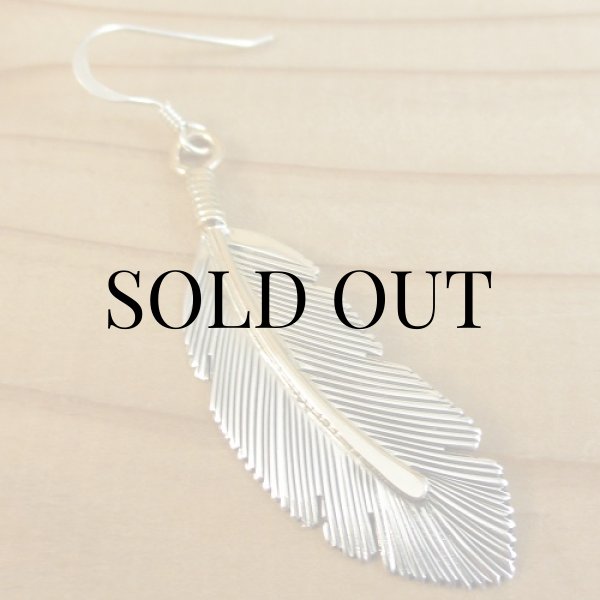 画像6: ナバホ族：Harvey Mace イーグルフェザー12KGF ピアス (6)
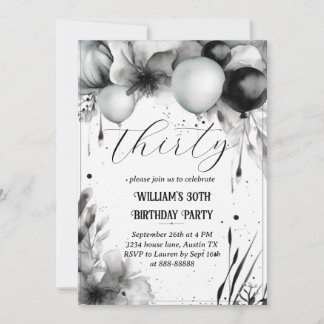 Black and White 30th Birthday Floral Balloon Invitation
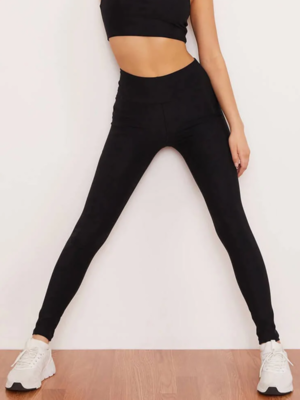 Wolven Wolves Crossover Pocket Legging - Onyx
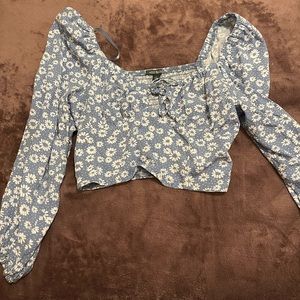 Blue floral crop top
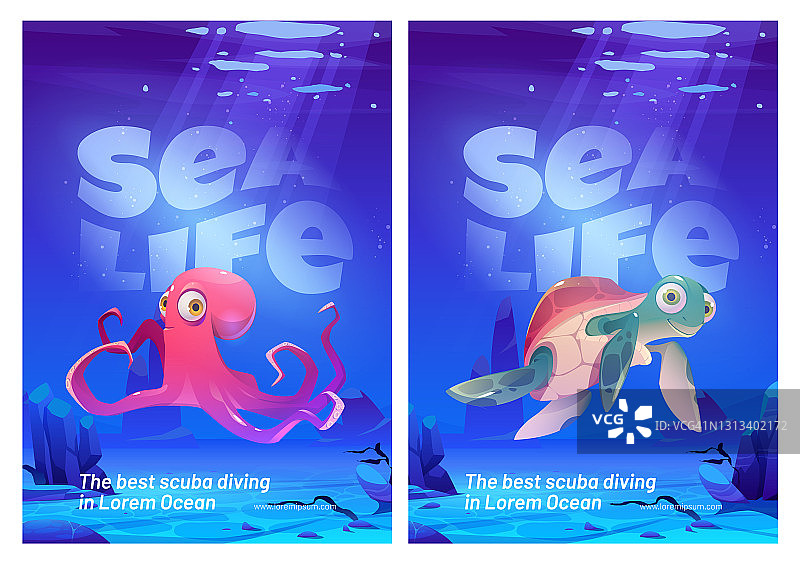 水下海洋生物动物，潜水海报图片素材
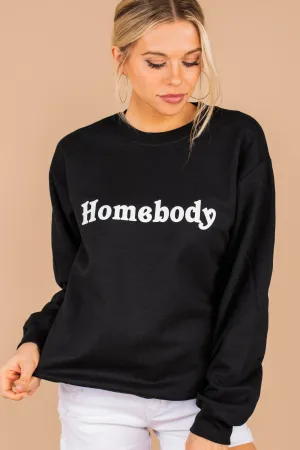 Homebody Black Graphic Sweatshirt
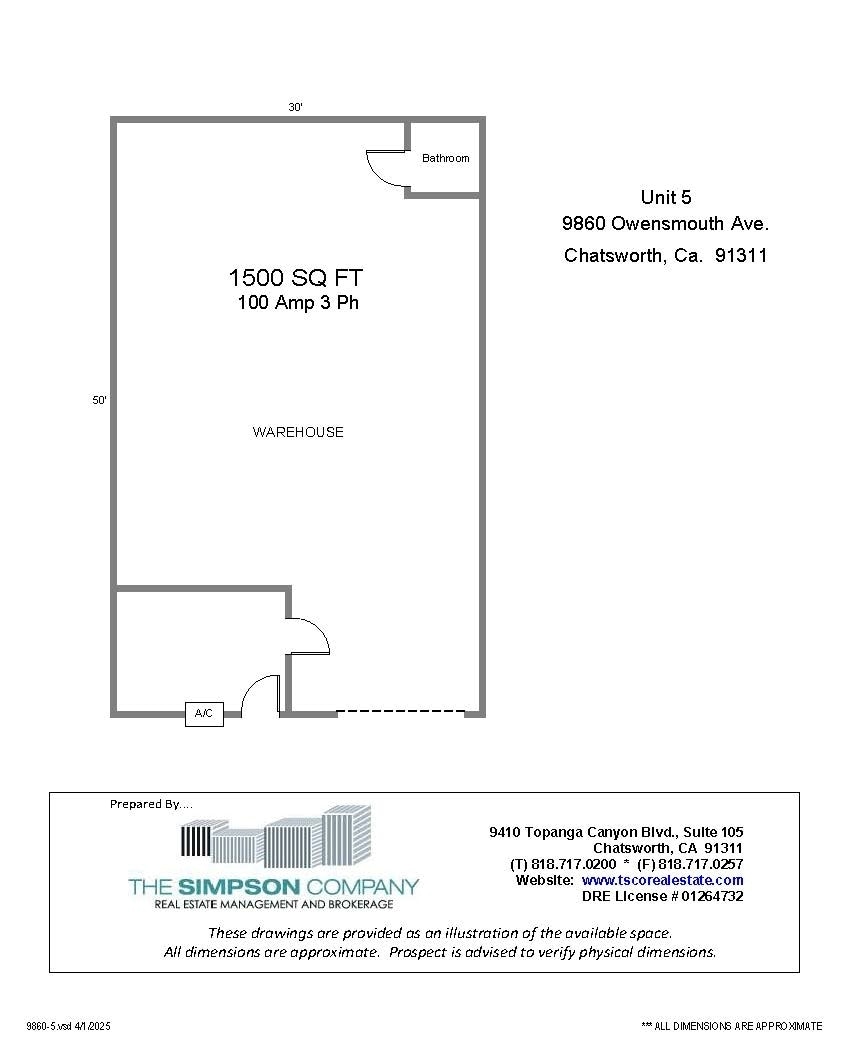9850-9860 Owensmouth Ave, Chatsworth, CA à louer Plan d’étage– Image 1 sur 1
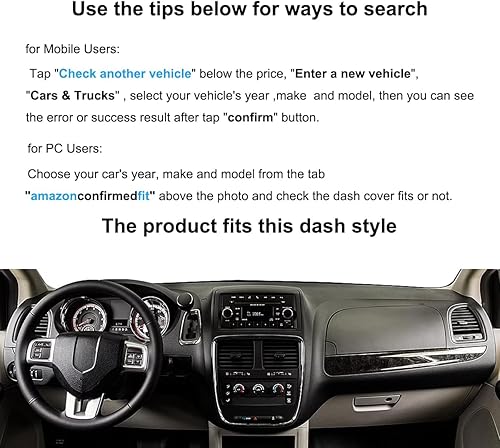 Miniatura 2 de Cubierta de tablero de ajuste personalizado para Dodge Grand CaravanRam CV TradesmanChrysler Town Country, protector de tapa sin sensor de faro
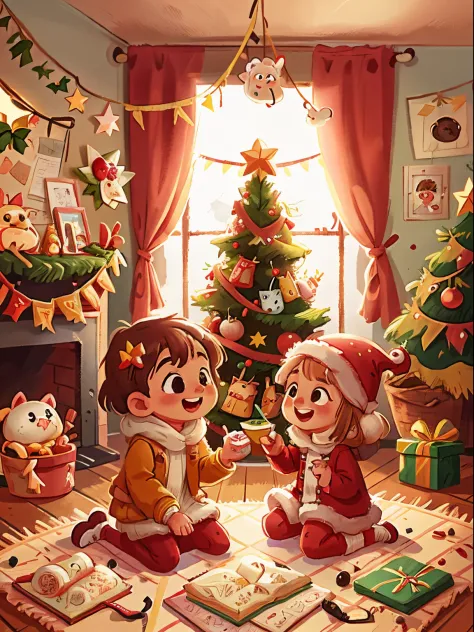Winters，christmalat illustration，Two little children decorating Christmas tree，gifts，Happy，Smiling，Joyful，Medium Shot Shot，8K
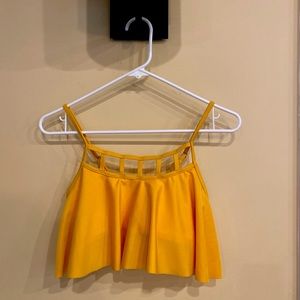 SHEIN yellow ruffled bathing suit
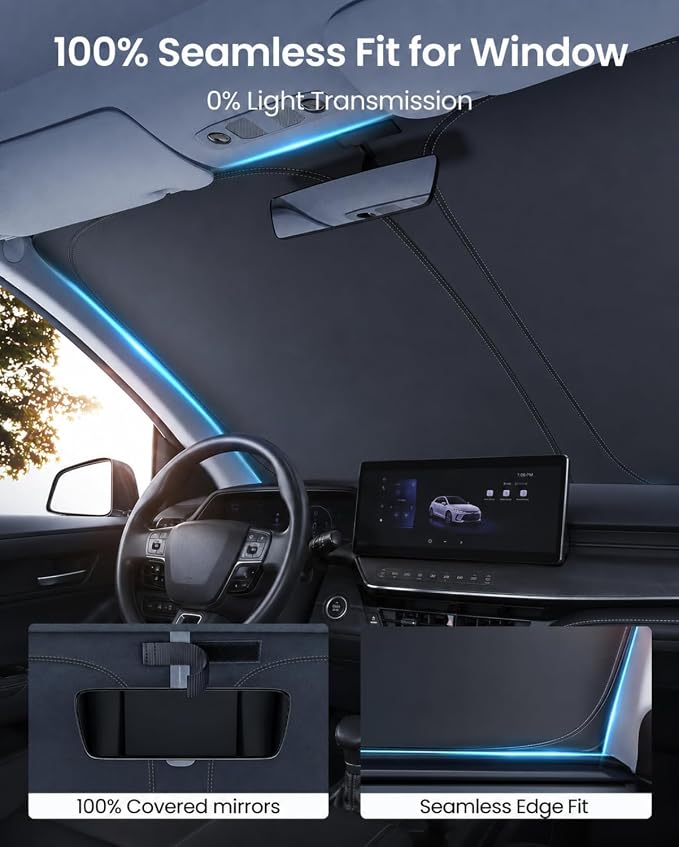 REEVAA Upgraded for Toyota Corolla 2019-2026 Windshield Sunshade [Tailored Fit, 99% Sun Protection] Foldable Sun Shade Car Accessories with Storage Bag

**Task objective**
From the line containing "SHEIN yellow ruffled bathing suit" down to the final line of the material, restate every line word for word, and only those; drop the pictures.

**Task answer**
 SHEIN yellow ruffled bathing suit
 REEVAA Upgraded for Toyota Corolla 2019-2026 Windshield Sunshade [Tailored Fit, 99% Sun Protection] Foldable Sun Shade Car Accessories with Storage Bag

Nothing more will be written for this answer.